Alors que les précédentes, en 1914 à Berne, en 1939 à Zurich, célébraient la patrie dans l’exaltation des traditions sans rien mettre en question, celle de Lausanne était futuriste. Impertinente aussi. On y glorifiait le progrès technologique mais on s’en moquait aussi. Avec l’inoubliable machine à Tinguely, le concert des machines à écrire de Rolf Liebermann que l’on réentend avec sourire et plaisir, l’image si forte du film d’Henry Brandt: l’enfant qui s’ennuie au fond de la bagnole familiale. La séquence s’appelait «la course au bonheur», course grinçante. Et puis on se souvient de Gulliver, l’ordinateur avant la lettre qui recueillait l’opinion des Suisses… finalement censurée par des autorités inquiètes de l’évolution des mœurs.
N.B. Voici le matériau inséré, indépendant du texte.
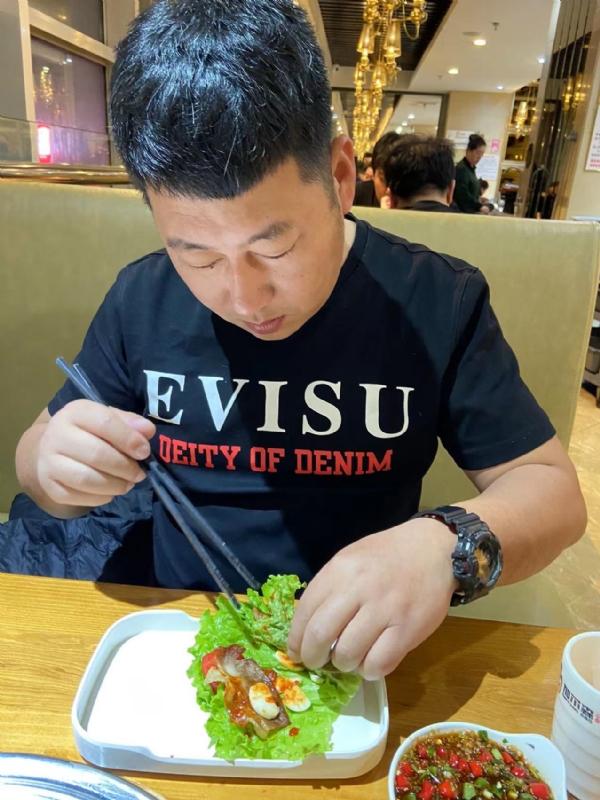 砒霜的第一张照片--杭州相亲服务中心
Sur le moment, visiteurs, journalistes et même les concepteurs trouvaient cette expo réussie, mais ne mesuraient pas sa portée historique. C’est avec le recul qu’elle est apparue. Dans un contraste frappant avec les humeurs actuelles. Paradoxe: la croissance spectaculaire des décennies qui ont suivi a amélioré les conditions de vie des Suisses mais a fini par doucher leur enthousiasme. Plus s’accroissait le confort, plus l’élan collectif s’essoufflait, plus les grognes s’accumulaient.
À tel point que l’expo suivante, en 2002 autour du lac de Neuchâtel, n’a guère marqué l’histoire, on se souvient surtout des polémiques sur le bien-fondé même de la manifestation. Sur place, il n’en subsiste quasiment rien. C’était un choix: il ne devait rien rester du spectacle. Cette volonté illustrait une impuissance, un refus du changement. On peut s’amuser un moment mais pas dessiner l’avenir.
Pourquoi le souvenir de 1964 est-il si rafraîchissant? Par contraste. Dans ces dernières années, après une décennie morose dès 1992, la Suisse a fait le grand écart. D’un côté, elle se modernisait, elle s’ouvrait, il lui est poussé des ailes. Par ailleurs, tout un pan de la société, manipulée dans la démagogie, glissait vers la nostalgie, l’exaltation du passé, du patriotisme conservateur, le nombrilisme xénophobe.
On s’est posé toutes sortes de questions lors du grand raout d’il y a cinquante ans. Il y en a une qui n’est venue à l’esprit de personne. Celle qui sert de titre, si emblématique, à la nouvelle émission de la télévision romande: «C’était mieux avant?»